Statistical analysis

All data were coded, entered, and processed on an IBM-PC compatible computer using SPSS (version 22). The quantitative data were presented as mean, standard deviations, and ranges as their distribution found parametric, while qualitative data were presented as number and percentages. The comparison between two independent groups with quantitative data and parametric distribution was done by using independent t test, and data with non-parametric distribution was done by Mann-Whitney test. The comparison between more than two independent groups with quantitative data and parametric distribution was done by using one-way ANOVA and post hoc analyses using LSD tests. Correlation analysis: assessing the strength of association between two variables. The correlation coefficient denoted symbolically r, defined the strength and direction of the linear relationship between two variables. The confidence interval (CI) was set to 95%, and the margin of error accepted was set to 5%. So, the p value was considered significant as the following: p > 0.05 = non-significant, p < 0.05 = significant, and p < 0.01 = highly significant.

Results

The present study included 60 diabetic and 60 non-diabetic (age- and sex-matched) Egyptian children and adolescents with a mean age (13.03 ± 2.78 and 12.43 ± 2.66 years), respectively. Table 1 shows some important descriptive demographic, clinical, and laboratory data of the studied diabetic and control groups. Thirty (five children and 25 adolescents) out of 60 patients had one or more microvascular complications; the most common chronic complication encountered in the studied patients was diabetic microalbuminuria being in 22 (13 patients had nephropathy alone and nine patients had nephropathy with other complications) representing 36.7% of all diabetic patients, followed by peripheral neuropathy being in 16 patients (eight patients had neuropathy alone and eight patients had neuropathy with other complications) representing 26.7% of all diabetic patients and retinopathy being in five patients (one patient had retinopathy with nephropathy and four patients had retinopathy with nephropathy and neuropathy) representing 8.3% of all diabetic patients (Fig. 1).

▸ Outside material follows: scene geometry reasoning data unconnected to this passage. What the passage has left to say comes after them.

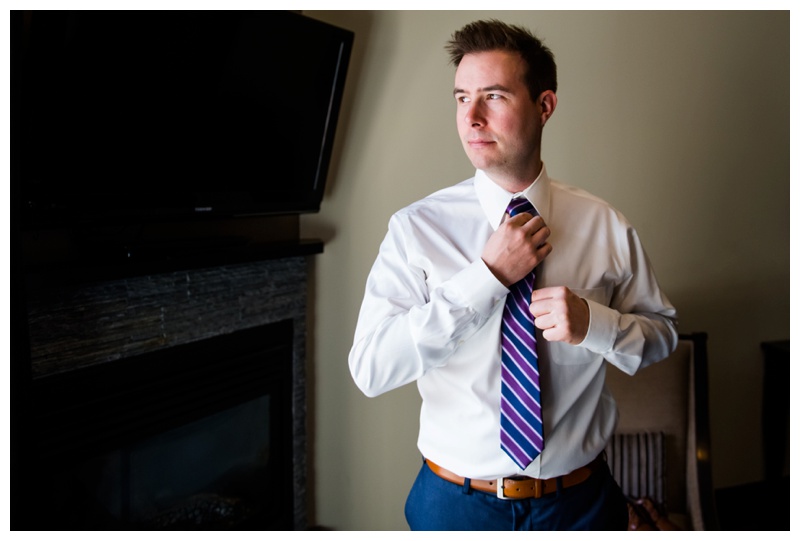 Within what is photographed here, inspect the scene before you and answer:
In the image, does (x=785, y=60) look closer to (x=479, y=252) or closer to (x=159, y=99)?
(x=479, y=252)

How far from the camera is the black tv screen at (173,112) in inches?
Result: 53.2

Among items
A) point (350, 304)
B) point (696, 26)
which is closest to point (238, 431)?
point (350, 304)

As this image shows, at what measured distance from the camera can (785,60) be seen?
2.10 metres

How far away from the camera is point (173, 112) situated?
159 centimetres

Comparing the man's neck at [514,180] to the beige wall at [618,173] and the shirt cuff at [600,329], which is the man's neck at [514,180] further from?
the beige wall at [618,173]

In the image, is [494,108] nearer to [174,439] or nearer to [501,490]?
[501,490]

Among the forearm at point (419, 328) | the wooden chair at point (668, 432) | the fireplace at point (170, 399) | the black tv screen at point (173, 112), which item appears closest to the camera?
the forearm at point (419, 328)

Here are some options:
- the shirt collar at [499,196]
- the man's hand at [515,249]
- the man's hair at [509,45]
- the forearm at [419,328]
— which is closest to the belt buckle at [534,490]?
the forearm at [419,328]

Table 1 Some important descriptive demographic, clinical, and laboratory data of the studied diabetic and control groups
Fig. 1
figure 1

Column chart showing frequency of microvascular complications in the studied diabetic group

There was no significant difference between complicated and non-complicated patients regarding the number of DKA and hypoglycemic attacks (p > 0.05), despite of being higher in complicated patients (Table 2).

Table 2 Comparison between the two studied diabetic (non-complicated and complicated) groups in terms of their metabolic control indices

There was significant difference (p < 0.05) between complicated and non-complicated patients regarding age of onset of disease, disease duration, mean random blood glucose, HbA1c, and mean insulin dose, being higher in complicated patients except for age of onset of disease (that means the occurrence of diabetes was at younger age in diabetic patients with microvascular complications and they had poor metabolic control indices than that of non-complicated patients).

There was no significant difference between studied diabetic and healthy children (8–12 years) concerning their PedsQL™ 4.0 Generic Core Scales (GCS) (Table 3).

Table 3 Comparison between the studied diabetic children (8–12 years) and adolescents (13–18 years) with their corresponding control groups concerning their child self-reports and parent proxy-reports of PedsQL™ 4.0 Generic Core Scales (GCS) scores

There was a significant decrease in PedsQL™ 4.0 Generic Core Scales (GCS) for studied diabetic adolescents (13–18 years) compared to healthy adolescents.

There was no significant difference between diabetic male and female children (8–12 years) concerning their PedsQL™ 4.0 Generic Core Scales (GCS) and PedsQL™ 3.0 Diabetic Module. There was a significant decrease in emotional functioning, social functioning, worry, and communication scales for studied diabetic female adolescents (13–18 years) compared to diabetic male adolescents (Table 4).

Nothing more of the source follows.